North American hypothetical language family

Aztec–Tanoan is a hypothetical and undemonstrated language family that proposes a genealogical relation between the Tanoan and the Uto-Aztecan families. This proposed classification has not been definitively demonstrated, largely because of slow progress in the reconstruction of the intermediate stages of the two language families involved, but is still considered promising by many linguists. The grouping was originally proposed by Edward Sapir in his 1921 classification, but it was not until 1937 that supporting evidence was published by Benjamin Lee Whorf and G. L. Trager. Their proposal included some 67 proposed cognates, but subsequent reviews have found most of them to be unconvincing (monosyllables, onomatopoeia).

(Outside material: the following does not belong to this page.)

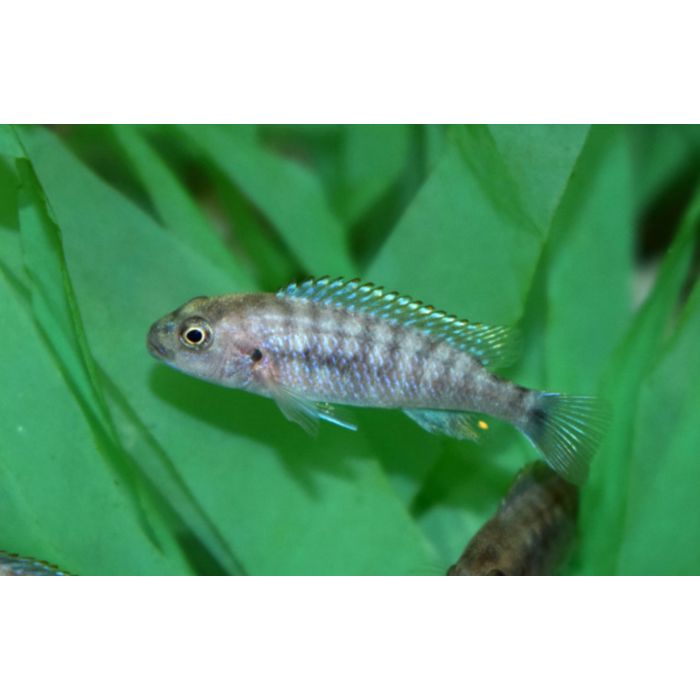 Pseudotropheus Perspicax / Malawi Cichlide Perspicax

A small number of their proposed cognates do seem to have some merit and in his 1997 review of the hypothesis Lyle Campbell states that the proposal is not implausible but requires detailed study. A recent article by Jane H. Hill argues that the evidence cited for the genetic relation by Whorf and Trager is better understood as a result of language contact between the Uto-Aztecan and Tanoan proto-languages.

==Proposed cognates==
The following word pairs are the proposed cognates from Whorf & Trager (1937) and Davis (1979) considered promising by Campbell (1997:273).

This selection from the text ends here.